Okula yaklaşınca, bahçede kümelenen öğrenciler dikkatini çekmişti. Bunlar sabahçı öğrencilerdi ve evlerinde olmalıydılar. Okulda da alışılmışın dışında bir hava vardı sanki. Duyguları onu pek yanıltmazdı ya. "Hayırlısı" dedi. Bahçe kapısından içeri girdi; kimi gözü yaşlı öğrencilerin kendisine doğru gelmekte olduğunu görünce şaşkınlığını gizleyemedi. " Ne oldu çocuklar!" dedi. Bir öğrenci, "Sizin tayininiz çıkmış öğretmenim!"der demez, hıçkırıklarını tutamadı. Atanmasından değil de, çocuğun ağlamasından bayağı heyecanlanmıştı. Heyecanlandığını gizlemek için " Öyle mi!" diyerek, alışık oldukları kahkahalarından birini attı. Ama aralarında fazla duramadı.
Öğretmenler odasına çıkınca, artık bu okulda misafir olduğunu anladı. Öğretmenlerde şimdiye kadar görmediği bir hava hissetmişti. Pişmanlığa da benziyordu, suçluluk psikolojisine de, acıma ile karışık bir özür dilemeye de benziyordu halleri. Tuhaf ki sabahçı öğretmenler de oradaydı. Biri "Üzgünüz" dedi. Bir çırpıda hepsinin yüzündeki ifadeleri okudu.
Yüzlerinde gerçekten o eski havadan bir iz bile yoktu; doğrusu üzgündüler. İnsan her şeyi unuturmuş meğer.

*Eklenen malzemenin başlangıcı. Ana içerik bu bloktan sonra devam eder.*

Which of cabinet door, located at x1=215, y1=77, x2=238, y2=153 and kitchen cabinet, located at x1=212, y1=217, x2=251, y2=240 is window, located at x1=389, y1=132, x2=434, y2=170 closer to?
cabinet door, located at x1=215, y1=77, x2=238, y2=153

Ama yine de içinde bir şeyler oldu. En küçük bir heyecan, bir kırgınlık belirtisi göstermeden "Hayırlısı osun!" dedi.
Her zaman olduğu gibi gülümsedi. Ama bu gülümseme, hayatın bütününe karşı duyduğu saygının tüm motiflerini yansıtan ruh halinin gülümsemesiydi.